**What you need to do:** Find the line below with "Set of vector" and the line with "Gold Cross Bracelet". Output them and the lines between, exactly, but not the pictures.

##### Data excerpts #####

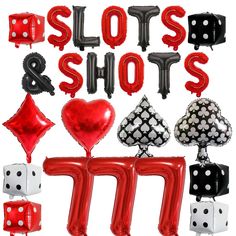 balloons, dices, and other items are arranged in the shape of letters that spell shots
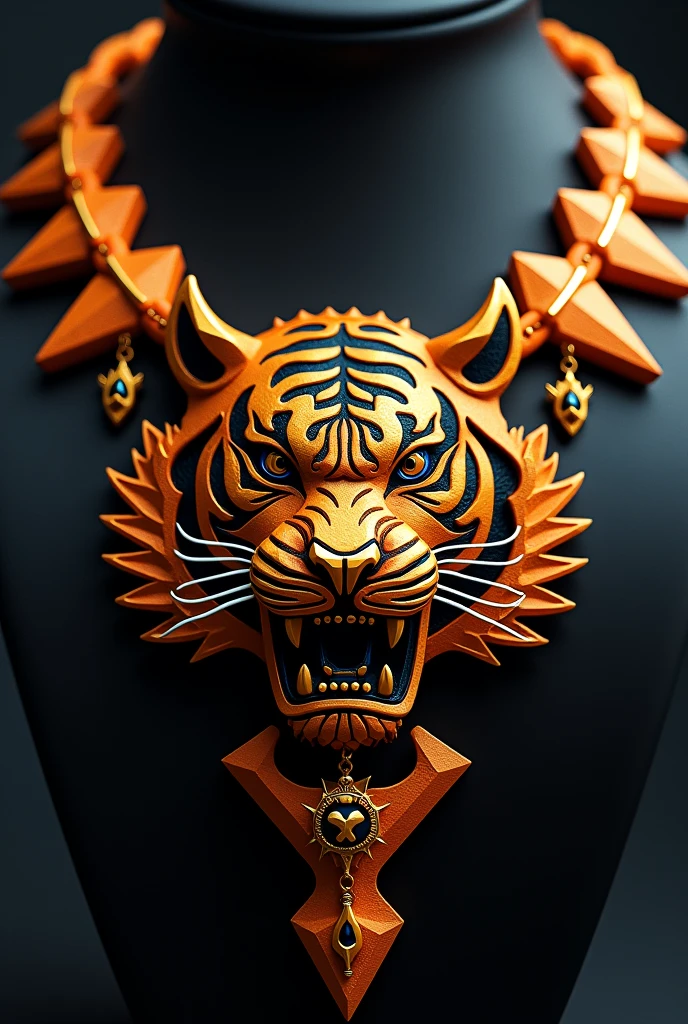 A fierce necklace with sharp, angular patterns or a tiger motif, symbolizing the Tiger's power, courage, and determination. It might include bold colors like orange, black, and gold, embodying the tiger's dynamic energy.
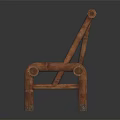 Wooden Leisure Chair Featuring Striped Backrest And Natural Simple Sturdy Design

#####
##### Data excerpts #####

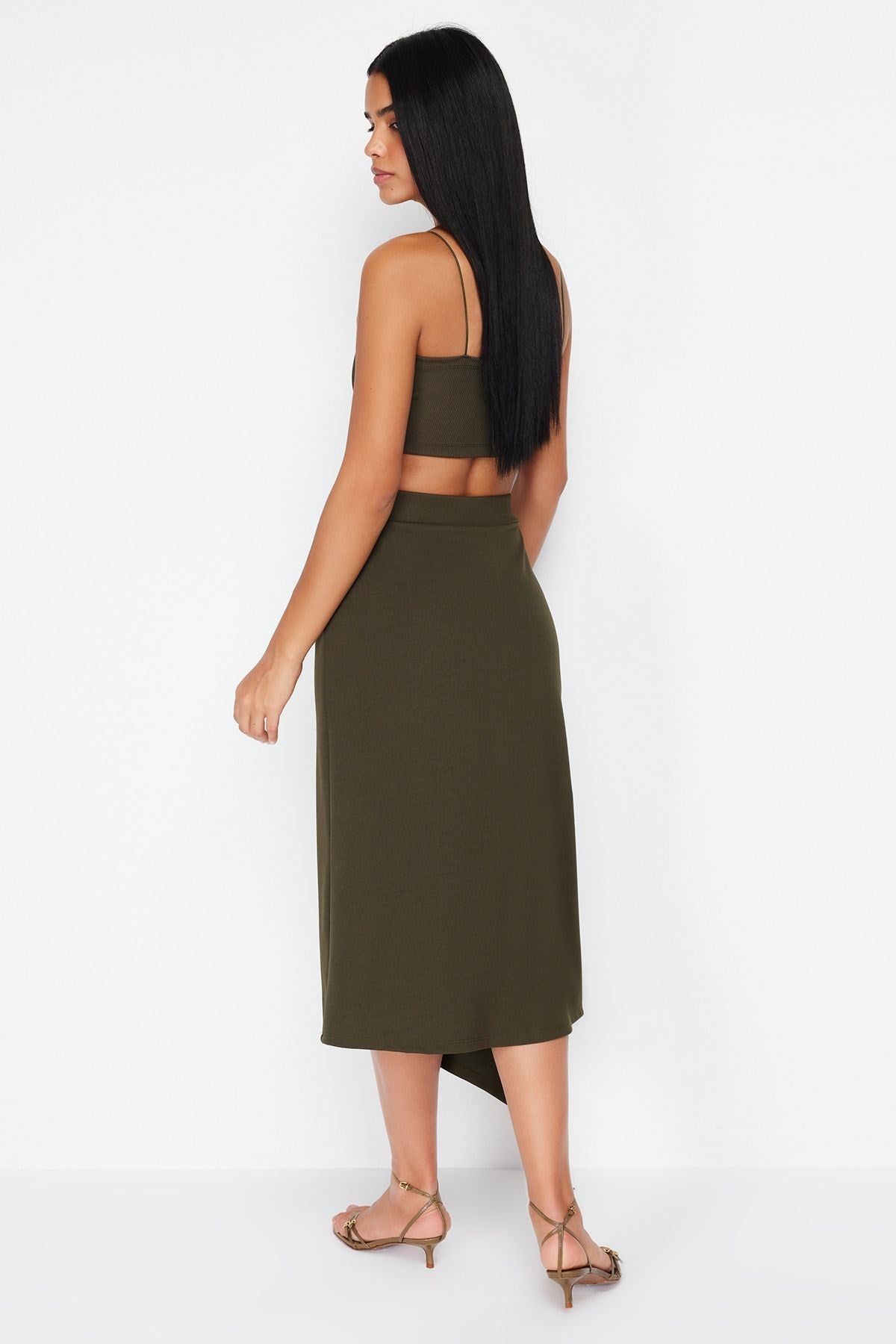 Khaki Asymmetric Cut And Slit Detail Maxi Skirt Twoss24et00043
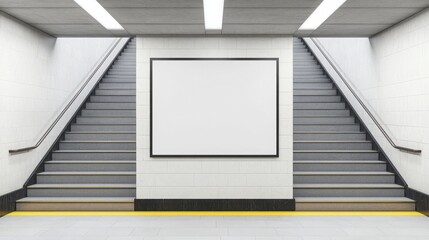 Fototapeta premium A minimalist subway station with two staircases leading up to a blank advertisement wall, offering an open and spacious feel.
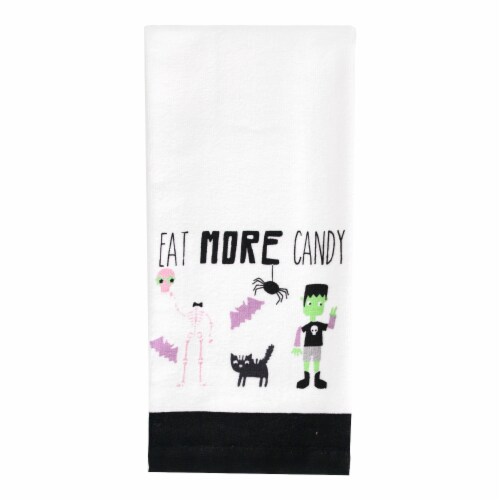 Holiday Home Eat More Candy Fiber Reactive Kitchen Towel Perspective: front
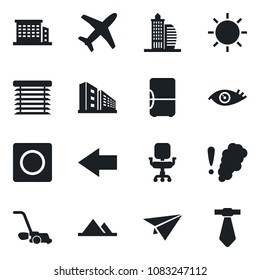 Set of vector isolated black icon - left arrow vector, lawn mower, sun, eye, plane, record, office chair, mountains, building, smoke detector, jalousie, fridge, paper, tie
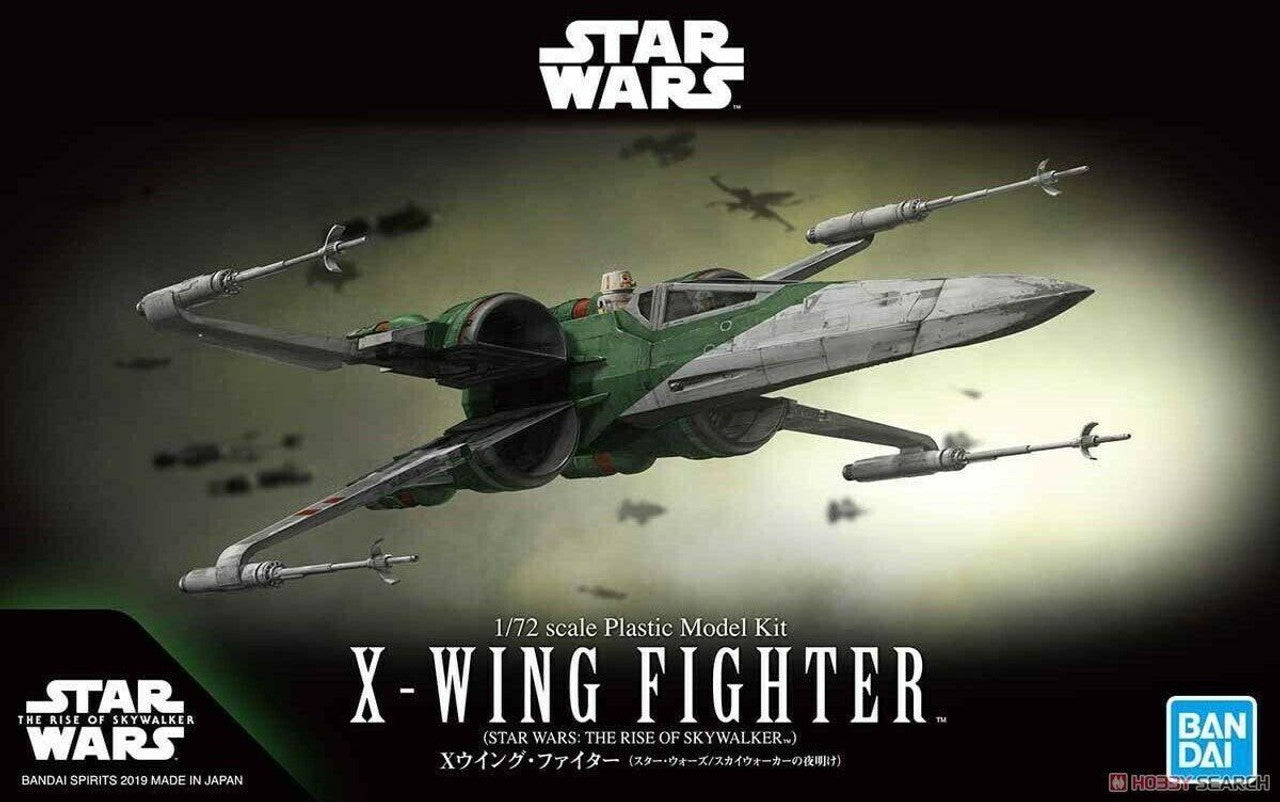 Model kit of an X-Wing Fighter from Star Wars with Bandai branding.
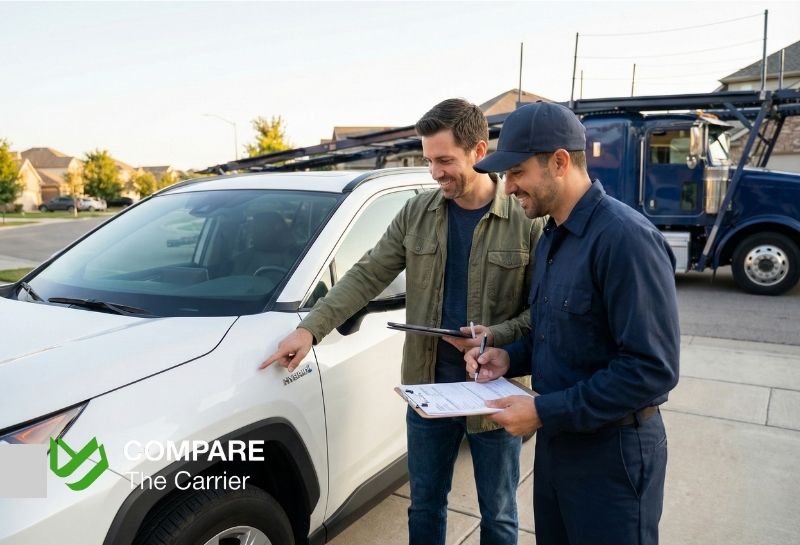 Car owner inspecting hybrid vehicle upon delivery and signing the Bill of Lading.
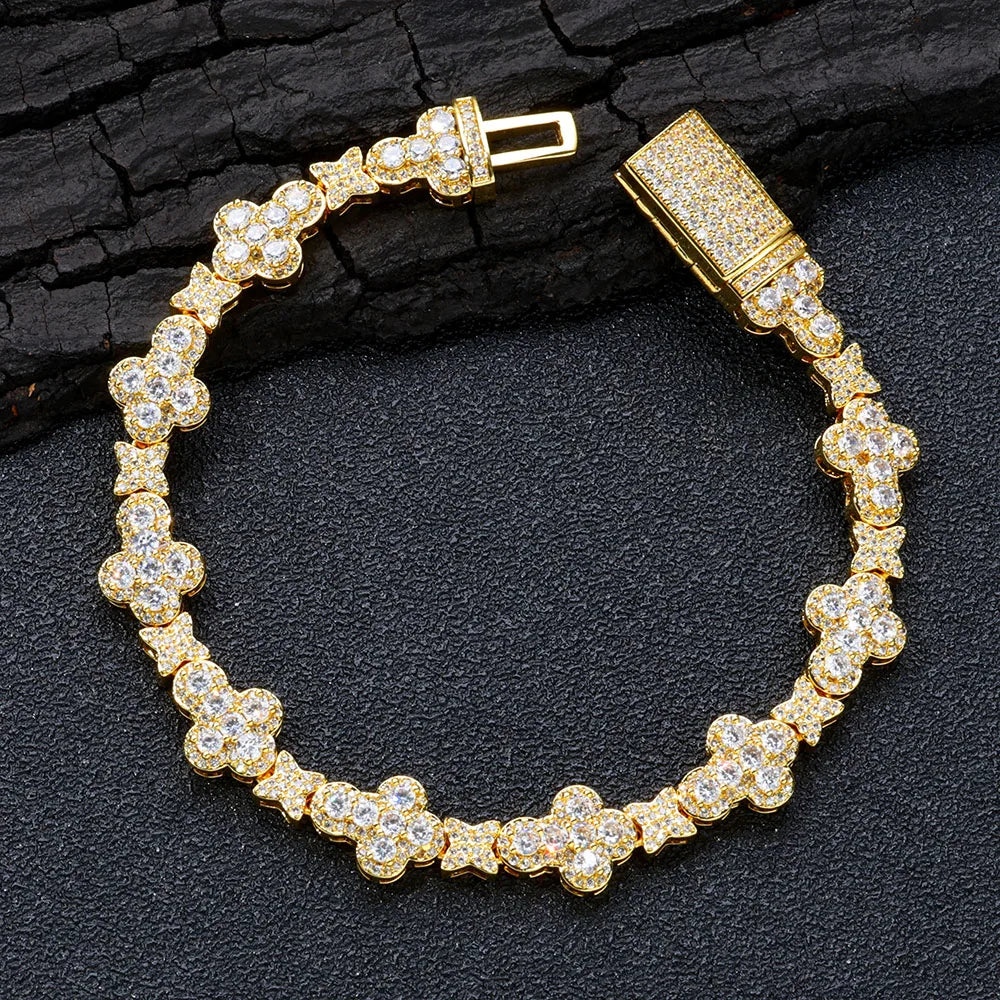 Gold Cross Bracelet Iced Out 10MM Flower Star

#####
##### Data excerpts #####

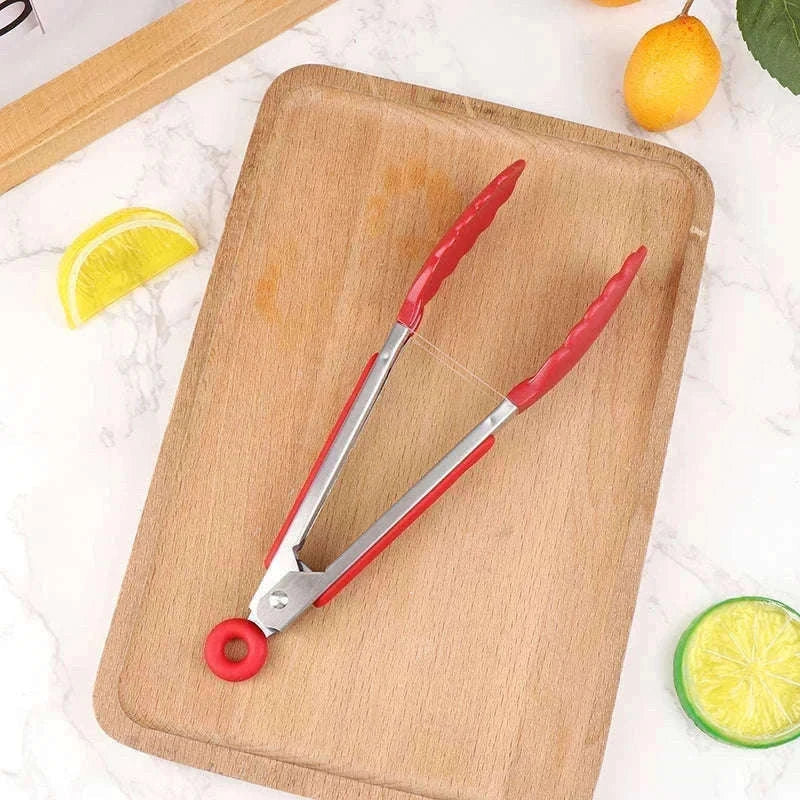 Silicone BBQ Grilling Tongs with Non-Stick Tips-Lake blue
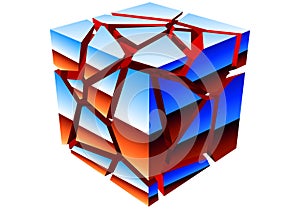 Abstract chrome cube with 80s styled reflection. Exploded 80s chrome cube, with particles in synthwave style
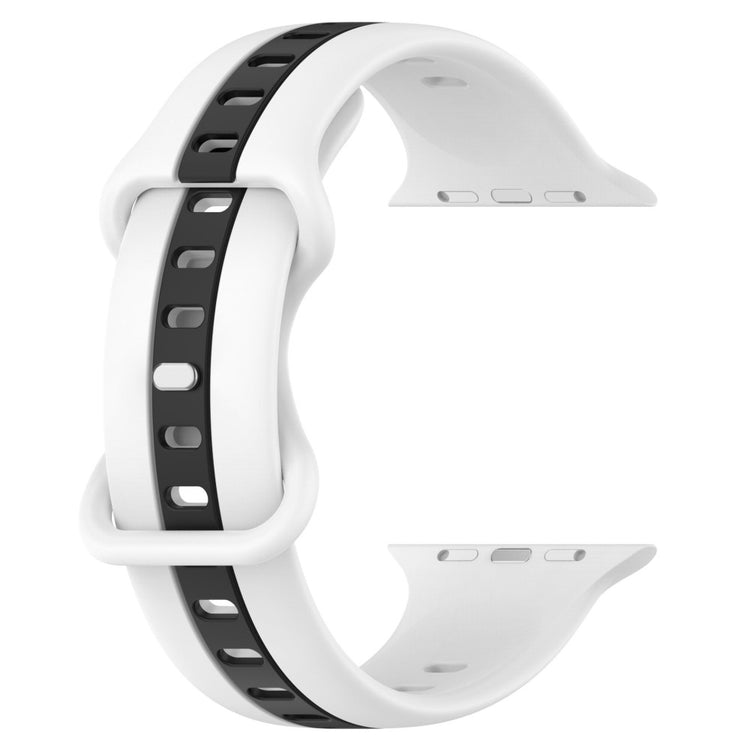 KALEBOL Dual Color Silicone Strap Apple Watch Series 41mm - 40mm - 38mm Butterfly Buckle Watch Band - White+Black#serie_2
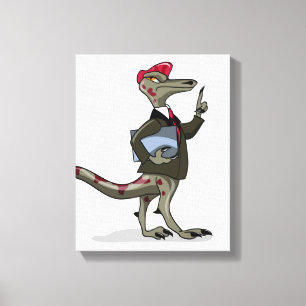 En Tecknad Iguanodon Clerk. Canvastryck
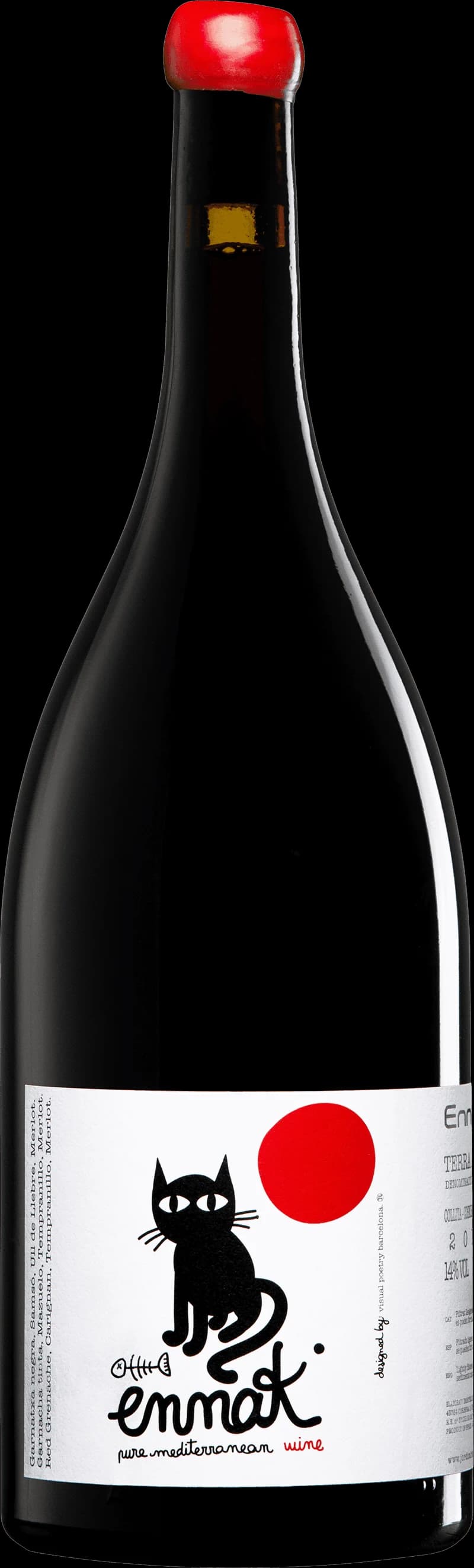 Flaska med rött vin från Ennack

#####

**Output:**
 Set of vector isolated black icon - left arrow vector, lawn mower, sun, eye, plane, record, office chair, mountains, building, smoke detector, jalousie, fridge, paper, tie
 Model kit of an X-Wing Fighter from Star Wars with Bandai branding.
 Car owner inspecting hybrid vehicle upon delivery and signing the Bill of Lading.
 Gold Cross Bracelet Iced Out 10MM Flower Star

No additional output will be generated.